The average age of participants was rather young (25.55) and many participants mentioned how they are used to embodying different avatars from video games. Therefore, different-gender avatars might not trigger any discomfort. This absence of discomfort when embodying different avatars might also explain the average presence score of 4.92 out of 7 which means that participants, despite embodying various avatars in a short period of time, felt predominantly present during the study.
Significant differences were found between the avatars for embodiment and SAM score. Regarding embodiment, the personalized same-gender avatar has a significantly higher score for acceptance and control compared to the non-personalized same-gender. There is also a significant difference between both personalized avatars. The avatar of the same gender was found to have a significantly higher acceptance and control score. For SAM values, there are also significant differences found between the personalized and non-personalized avatars of the same gender where valence and arousal are significantly higher for the personalized same-gender avatar. A significant difference was also found between the personalized and non-personalized avatars of the opposite-gender where arousal levels are higher for the personalized avatar of the opposite gender.

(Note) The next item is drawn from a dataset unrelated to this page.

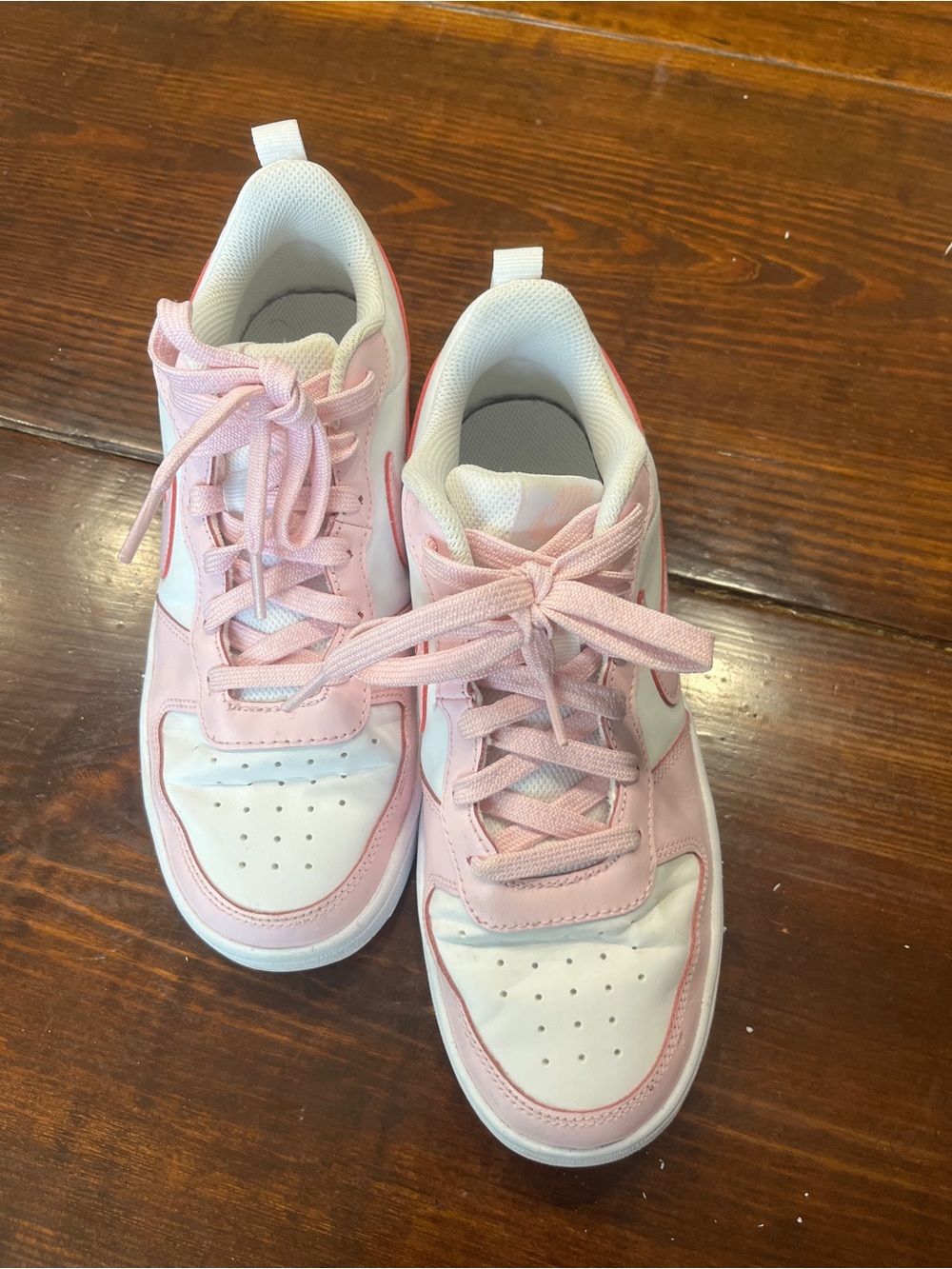 Nike Court Borough Low 2 SE white/ pink foam size 6 youth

In summary, to answer our research question, the data in this study show that personalized avatars perform better than non-personalized avatars regarding embodiment score and SAM score, and they were rated higher regarding identity. In addition, this study found significant differences between avatars for embodiment and SAM score. Furthermore, the data hint at a correlation between color and embodiment for some avatars. Also, there are additional correlations found between personality traits, SAM score, and embodiment.
6. Limitations
We acknowledge that our work has limitations. Firstly, while physiological data from the participants were recorded through the E4 watch, this data might contain inaccuracies as participants were constantly moving their arms during the study which might cause the sensor to record inaccurate data. The psycho-physiological literature discusses a range of challenges related to the (real-time) assessment of a person’s physiological information. Most important are the ‘Baseline Problem’, the ‘Timing of Data Assessment Problem’, and the ‘Intensity of Emotion Problem’ [
53].
Secondly, Autobiography recall for the same emotion might be limited to a maximum number of uses. Some participants felt that they were already happy and recalling another happy memory did not cause a further change in mood.

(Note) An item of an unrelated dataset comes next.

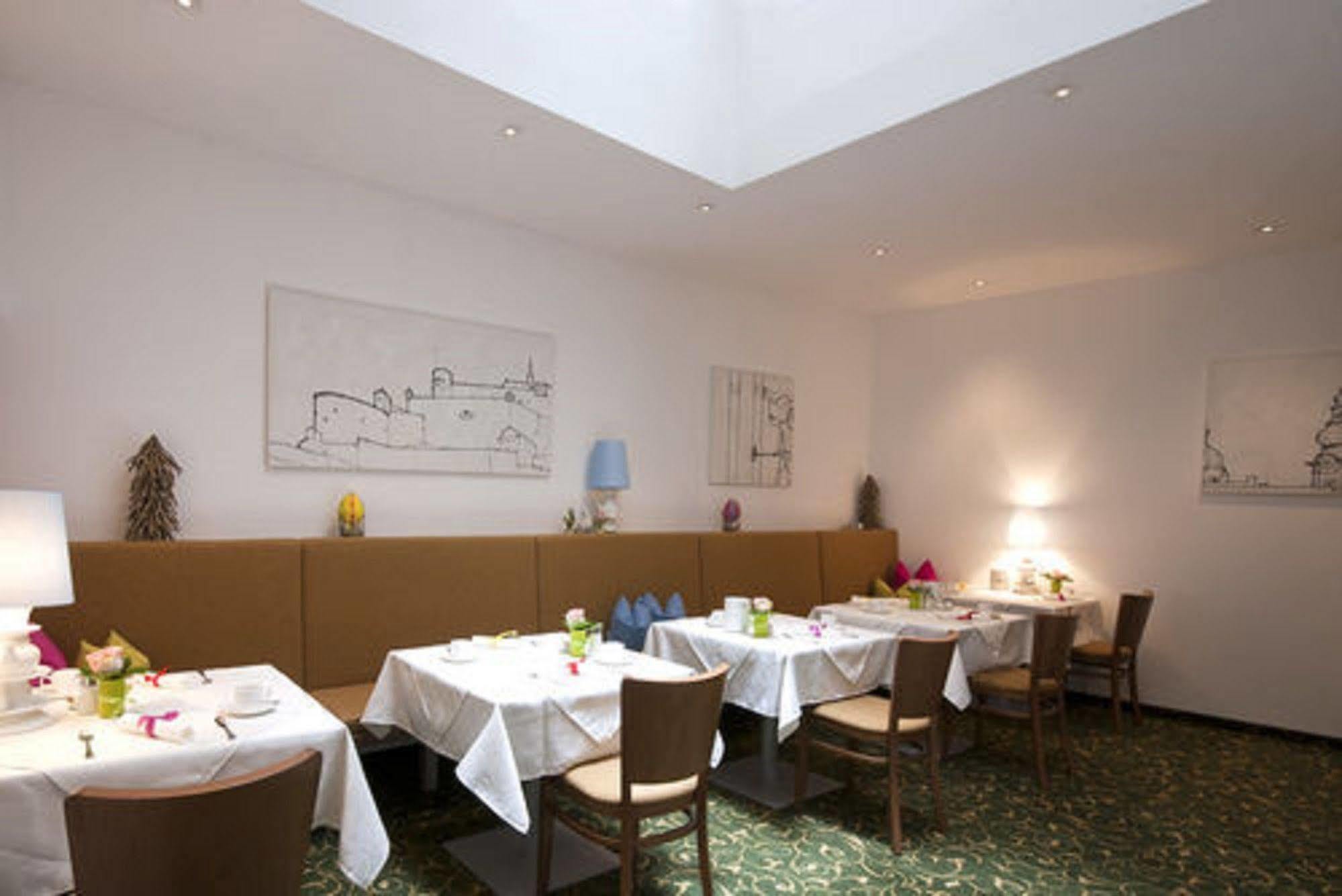 Altstadthotel Weisse Taube Залцбург Екстериор снимка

Thirdly, Ready Player Me was used for the avatar creation. This stylized avatar has its advantages as it tries to avoid the Uncanny Valley effect, an effect where an increase in robot or avatar realism might actually lead to an acceptance decrease [
54]. However, Ready Player Me also struggles to create avatars with more unusual faces, for example, smaller eyes or a bigger nose. As a result, the avatars from Ready Player Me looked somewhat similar and differences between the avatars might be subtle.

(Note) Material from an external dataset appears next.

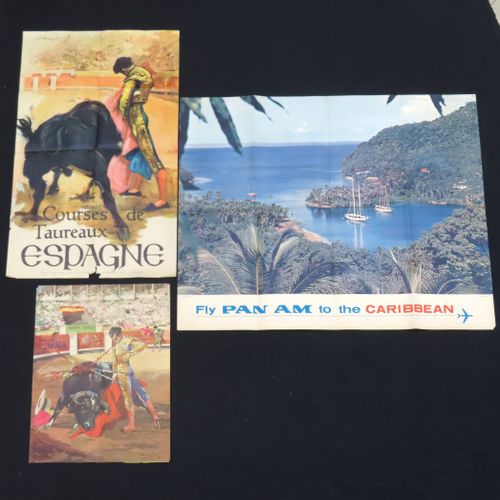Null Lot of 3 posters: two relating to tourism in Spain and depicting scenes of &hellip;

Fourthly, we conducted our study with 40 people only. While future work could explore how the findings generalize to larger populations, for example by means of out-of-the-lab studies [
55], our exploration still demonstrates the influence of avatar personalization on emotions in VR. Moreover, we did not consider the impact of the game itself nor the different groups of game players on the attitude towards the specific avatar.
Lastly, we considered healthy individuals only, leaving an investigation of users with potentially influencing factors for future work.